Neal Coates, Professor
David Dillman, Professor
Mel Hailey, Professor
Stuart Platt, Assistant Professor

The Department of Political Science and Criminal Justice offers the Bachelor of Arts degree in Political Science and the Bachelor of Arts and Bachelor of Science in Criminal Justice. The Department also offers the BA in Political Science with a concentration in International Relations and Comparative Politics for students desiring a focused study of world politics. A minor in Political Science or Criminal Justice may be added to other majors.
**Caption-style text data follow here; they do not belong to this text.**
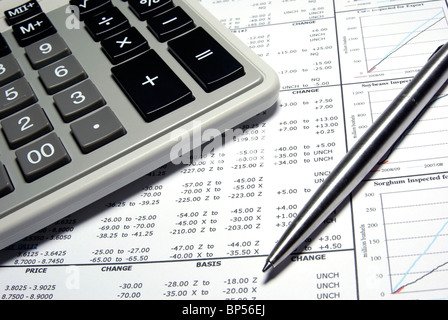 Calculator, steel pen and financial data with graphs. Stock Photo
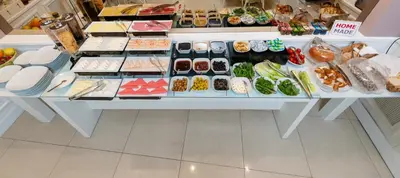 a table filled with lots of different types of food at Mr. Bird Hotel in Istanbul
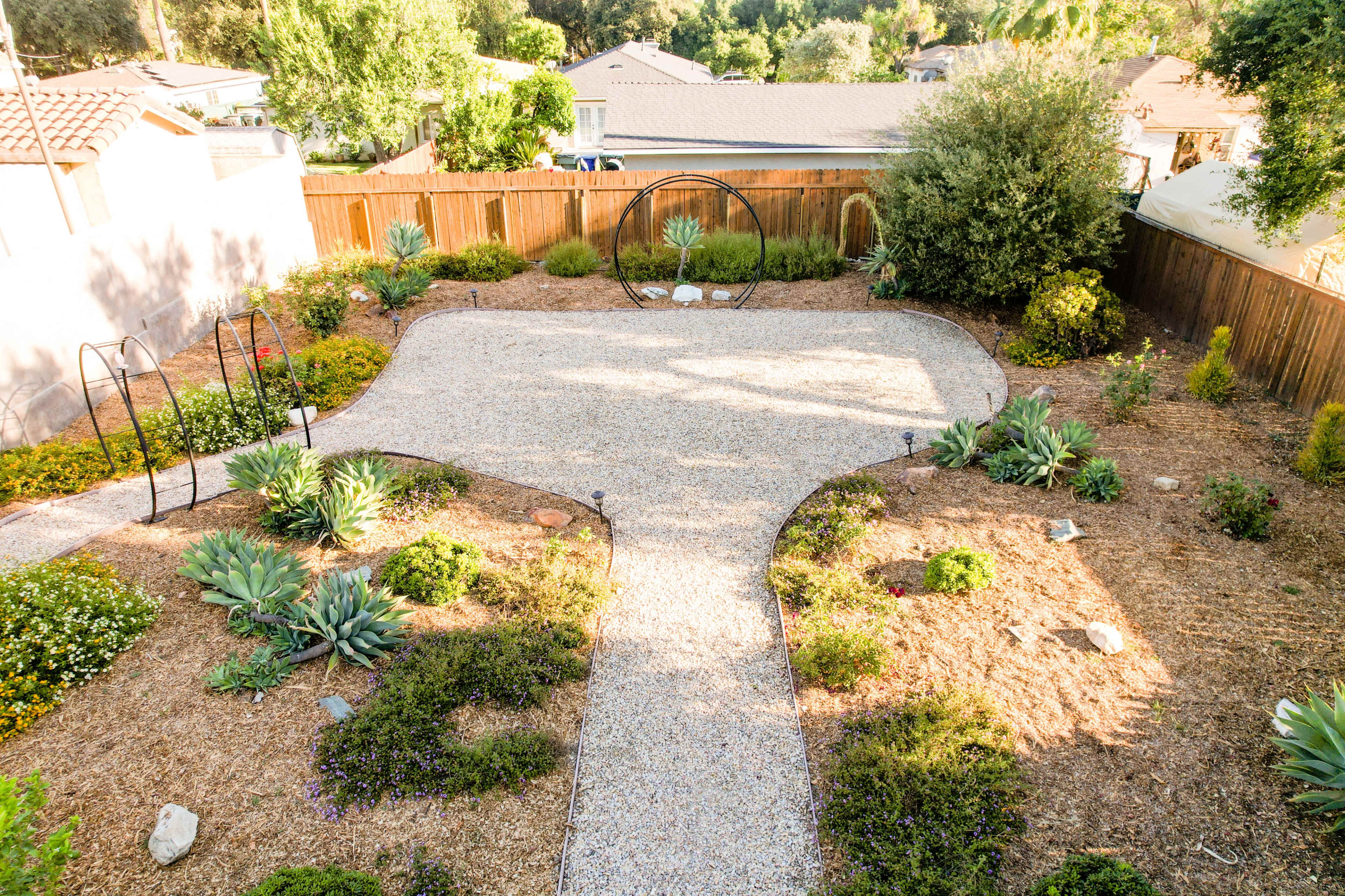 A landscaped garden features a gravel pathway outlined by various plants and shrubs, with circular structures in the background.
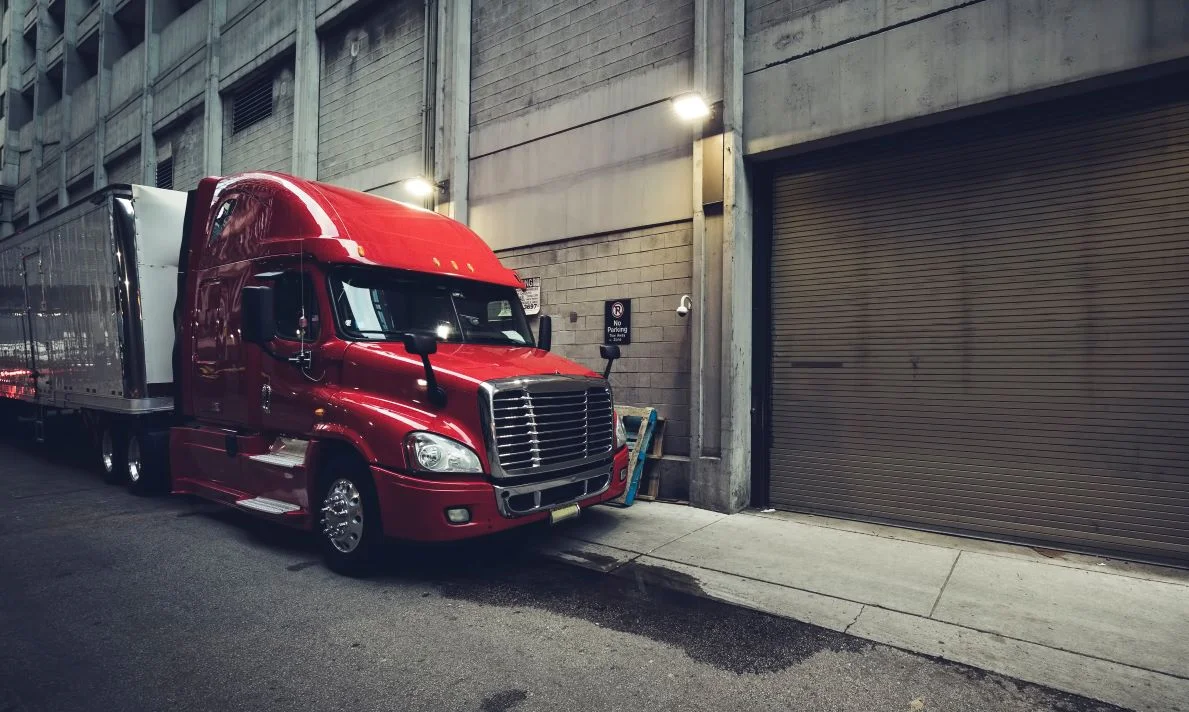 A brand new semi truck approaching a warehouse after a long drive.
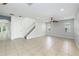 Spacious living room with staircase, tile floors, and neutral paint at 809 Kazaros Cir, Ocoee, FL 34761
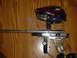 1995 Ford Mustang - A paintball marker is shown with its hopper and clear grip on a wooden table.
The Department also offers a minor in Public Service, appropriate for students across campus, and also designed for those in the Jack Pope Fellows Program.

Introduction

The purpose of the Department of Political Science and Criminal Justice is to provide a program of study to help students understand domestic and international politics and law enforcement theory and practice, and to prepare students for informed and active participation in the political arena and in criminal justice careers.
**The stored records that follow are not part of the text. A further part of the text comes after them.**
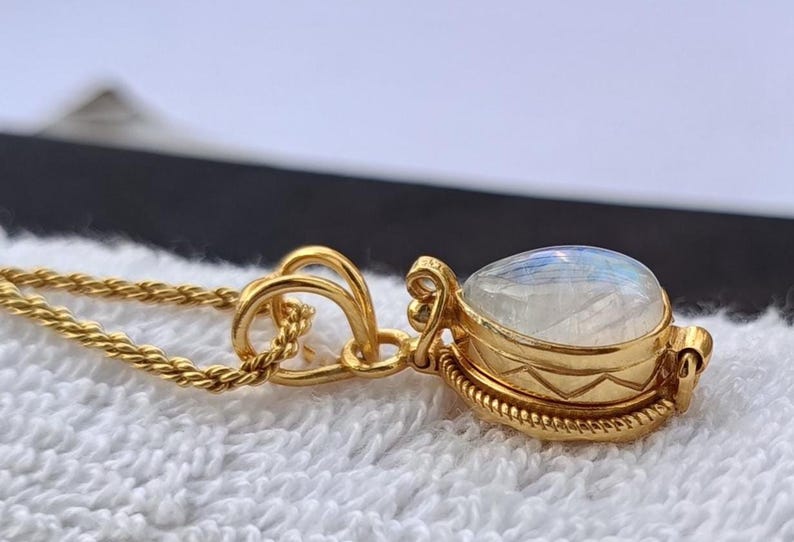May include: A gold-colored necklace with a pendant featuring a pear-shaped, iridescent gemstone. The pendant is set in a detailed gold bezel with decorative elements. The chain is a delicate, twisted rope design.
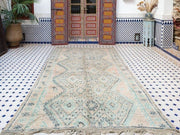 Vintage moroccan rug from Beni mguild, berber handmade area rug - sustainably made MOMO NEW YORK sustainable clothing, rug slow fashion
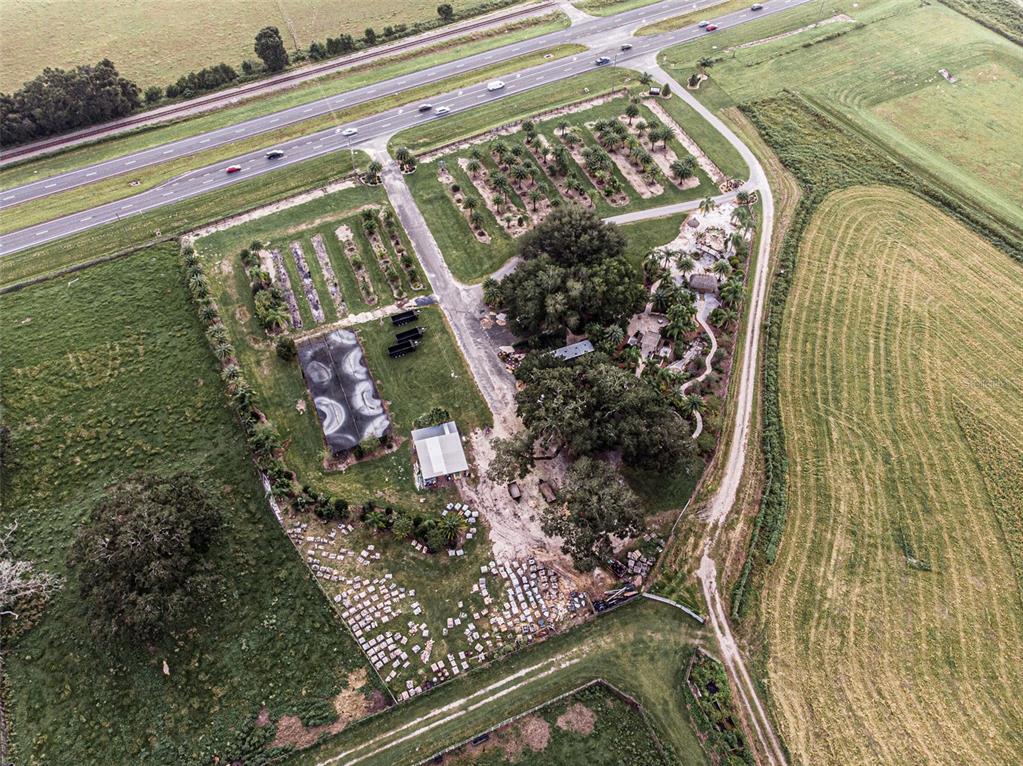 An aerial view shows a property with a nursery, large trees, and a highway nearby — 13494 N US HWY 301, OXFORD, FL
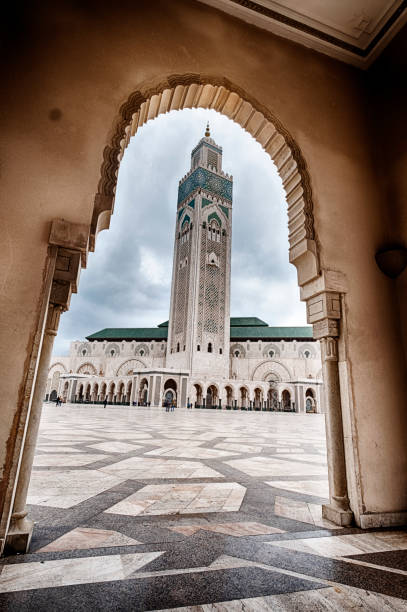 King Hassan II Mosque Through Arch A view of the King Hassan II Mosque in Casablanca, Morocco as seen through an arch. casablanca stock pictures, royalty-free photos & images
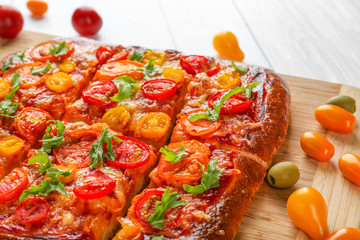 Tasty homemade pizza slices on table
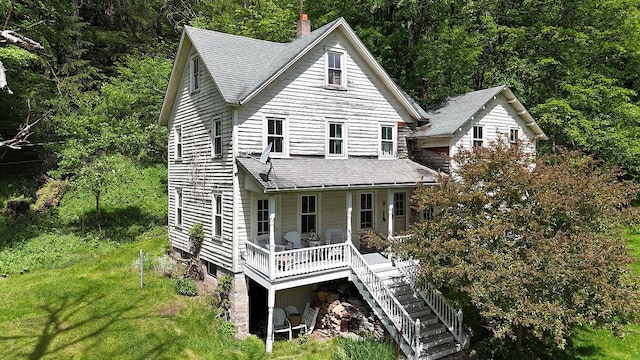 12 Henderson Rd, Hankins, NY 12741 - view of front of house with a shingled roof, stairs, a porch, a front lawn, and a wooded view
Opportunities for careers include:

  • Government Service: Public service is a major emphasis of the department. ACU’s Public Service Internship Program gives outstanding students part-time, public-sector work experience along with their course work.
  • Law: Political science is an excellent preparation for law school, and many recent graduates have gone on to successful careers in the various fields of law.
  • Criminal Justice: A major in criminal justice prepares the student for a broad area of professional career options in the field of criminal justice and law, including: federal, state, and local law enforcement; pretrial, probation, and parole services; correctional careers; victim/witness assistance; graduate studies in criminology or criminal justice; or a potential for law school admission.
  • Media and Journalism: Politics and media are intertwined, and students preparing for a career in broadcasting or journalism should be informed about politics and government.
  • Secondary Teaching: The Department of History and Global Studies, in cooperation with the Department of Political Science and the Department of Teacher Education, offers a Bachelor of Science (BS) degree with a teaching specialization in social studies.
  • College Teaching: The Department gives a broad exposure to politics and government, which is excellent preparation for graduate study and teaching at the community college, senior college, or university level.

Study Abroad Expectations

All students are encouraged to participate in ACU’s Study Abroad program. Classes offered at Study Abroad sites vary. Academic advisors can assist students in planning ahead for their Study Abroad experience and should be consulted during the freshman year.

Admission Requirements

Before being admitted to the Bachelor of Arts in Political Science or Criminal Justice programs, a student must satisfy the requirements listed in the ACT/SAT Placement Information  section of this catalog.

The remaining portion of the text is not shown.